It only took a few days and $US100 for Sammy Kamkar to create a device that can take over any GM vehicle that has the OnStar system.
The 29-year-old software developer will reveal full details of his hack next week at the hacking conference DefCon in Las Vegas, but he told Tech Insider in an interview Thursday that figuring out a way to attack the car wasn’t actually that difficult.
OnStar is a system built into many GM cars that let owners do things like remotely unlock or start their cars from and app or a phone service.
Kamkar bought a GM vehicle for his mum earlier this year and shortly thereafter began to tinker with it, looking for vulnerabilities. It only took him a few days to find a flaw and create a potentially dangerous gadget to exploit it.
The device is composed of only a few key components, including a $US40 Rasberry Pie computer and three radios. Kamkar said he had these devices lying around his house from previous projects, but said these components can easily be purchased online.
Kamkar cleverly calls his hacking weapon the OwnStar system and said that it can be used to locate, unlock, and start a vehicle. A user simply has to attach the device somewhere on the targeted car and then whenever the owner opens the OnStar mobile app within WiFi range of the vehicle, the OwnStar gadget placed on the car then relays all kinds of valuable information to the hacker.
“My device not only intercepts all of the information necessary for me to log into that car, but it also sends it to me wirelessly.
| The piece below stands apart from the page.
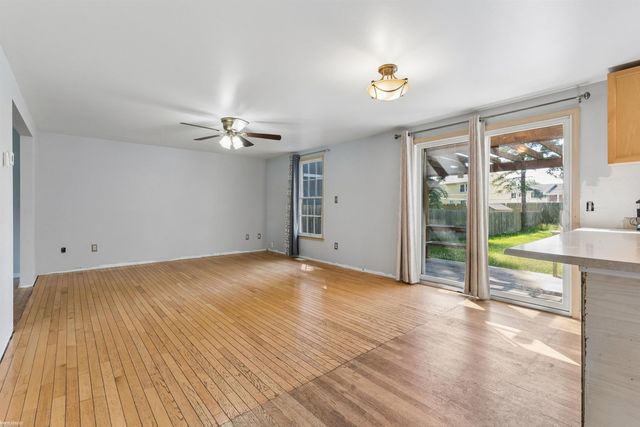 1816 S Woodland Drive, Port Huron, MI 48060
So then at that point I can then locate the car and see where the car is at any time and then go later and unlock it at my convenience,” Kamkar told Tech Insider.
GM told Tech Insider in a statement that they have fixed the vulnerability that enables the OwnStar device to work, but Kamkar said he is still able to perform the breach.
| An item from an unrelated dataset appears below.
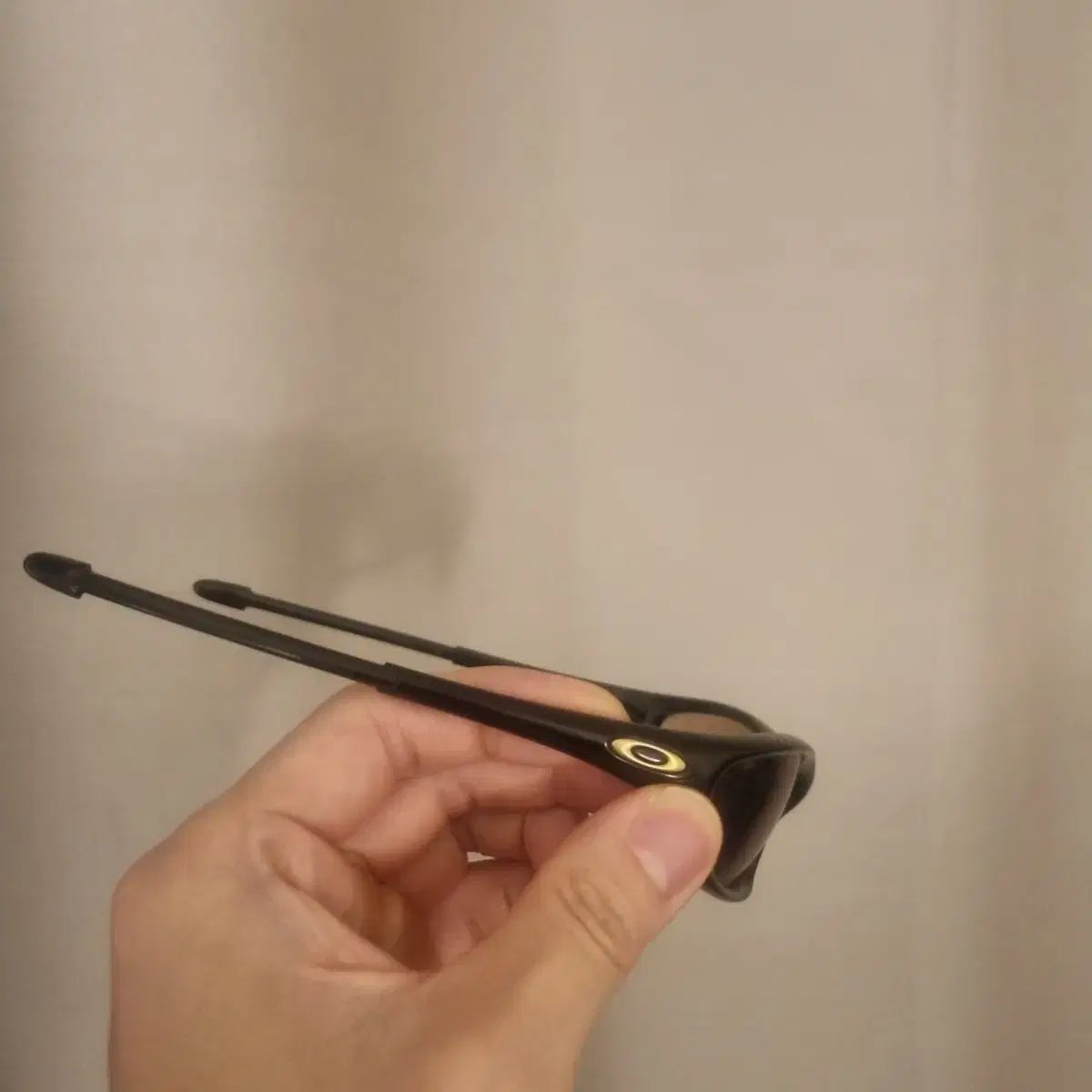 オークリー トゥエンティ ブラックゴールド パープルレンズ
In another statement later Thursday, GM said it will need to update RemoteLink, the smartphone app that lets GM owners control their cars through OnStar.
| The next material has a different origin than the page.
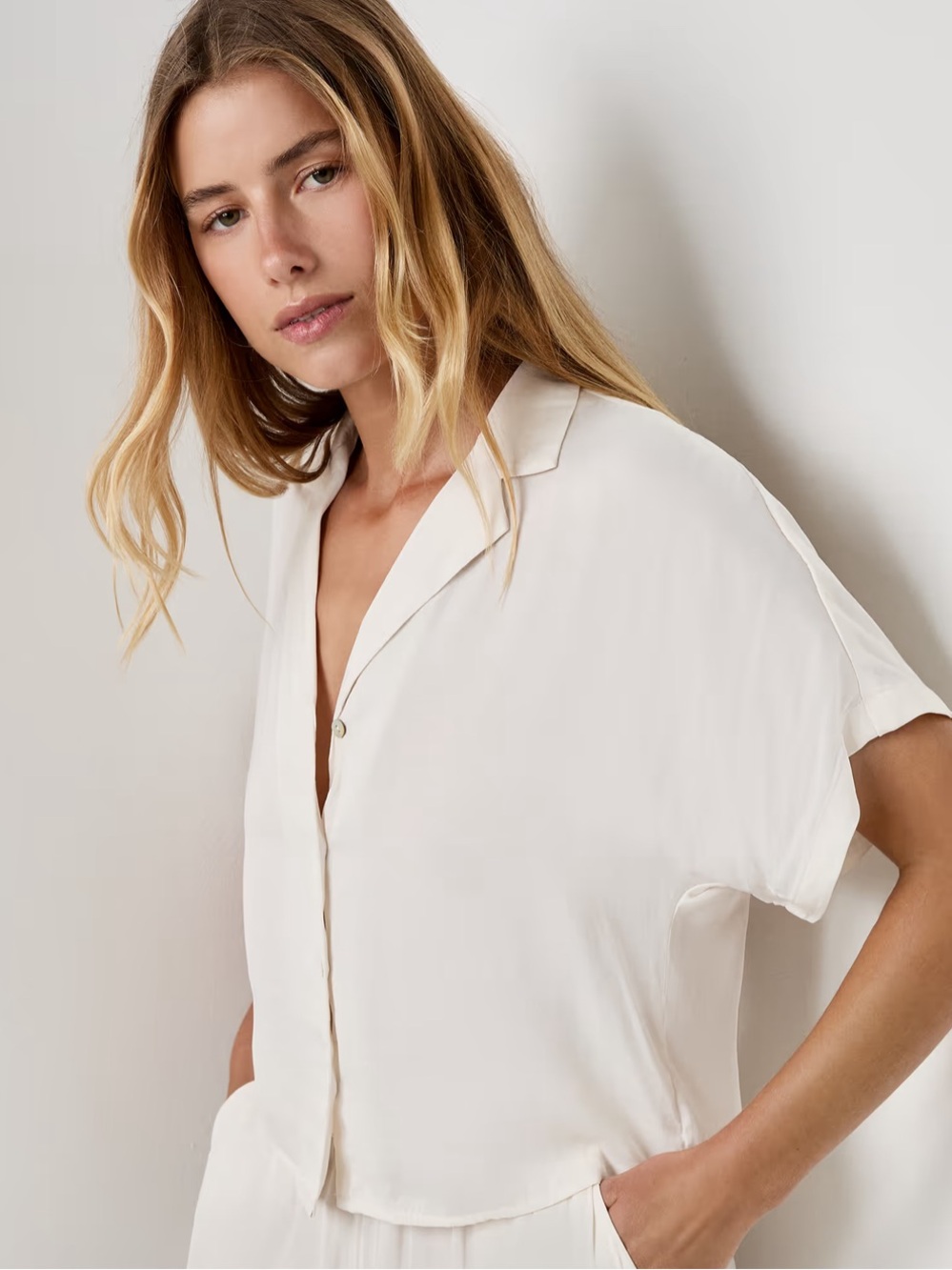 Etam Cheeta Short-Sleeved Satin Shirt In Ecru Pearl Size M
Here’s the latest statement from GM:
GM takes matters that affect our customers’ safety and security very seriously. GM product cybersecurity representatives have reviewed the potential vulnerability recently identified.
In working with the researcher, we moved quickly to secure our back-office system and reduce risk. However, further action is necessary on the RemoteLink app itself. We take all cyber matters seriously and an enhanced RemoteLink app will also be made available in app stores soon to fully mitigate the risk.
The GM OnStar security flaw is just the latest example of how connected cars are vulnerable to hackers.
“While this attack is specific to GM and Onstar, in no way do I believe they are singled out. I believe these kinds of issues are probably prevalent in most connected devices. And most connected cars,” Kamkar said. “Maybe not this exact issue, but definitely similar issues.”
Last week, hackers Charlie Miller and Chris Valasek revealed they had found a security flaw in Chrysler’s Jeep that enabled them to wirelessly take over the vehicle from a remote location by just using their computer. The vulnerability they discovered enabled them to take over functions like brakes, steering wheel and accelerator.
While these types of car breaches have attracted a lot of from the media and lawmakers, the attacks were carried out in controlled environments by white hat hackers, or hackers who help discover security flaws so companies can fix them. But as more cars become connected, Karmak said we can expect to see more malicious hackers begin to target vehicles and car manufacturers aren’t doing enough to ensure security, at least not yet.
“Before the attack surface was much smaller. The only people who could communicate with your car typically had to have physical access, like someone who was inside your car,” Karmak said. “This is new territory for car manufacturers, I believe. So I think that is why they are not investing as much as they should in security.”
In the meantime, if consumers are really worried about their connected car getting attacked by a hacker, they can always disable their connected features, Karmak said. But until vulnerabilities are discovered and patches are released, there’s not much more consumers can do, he said.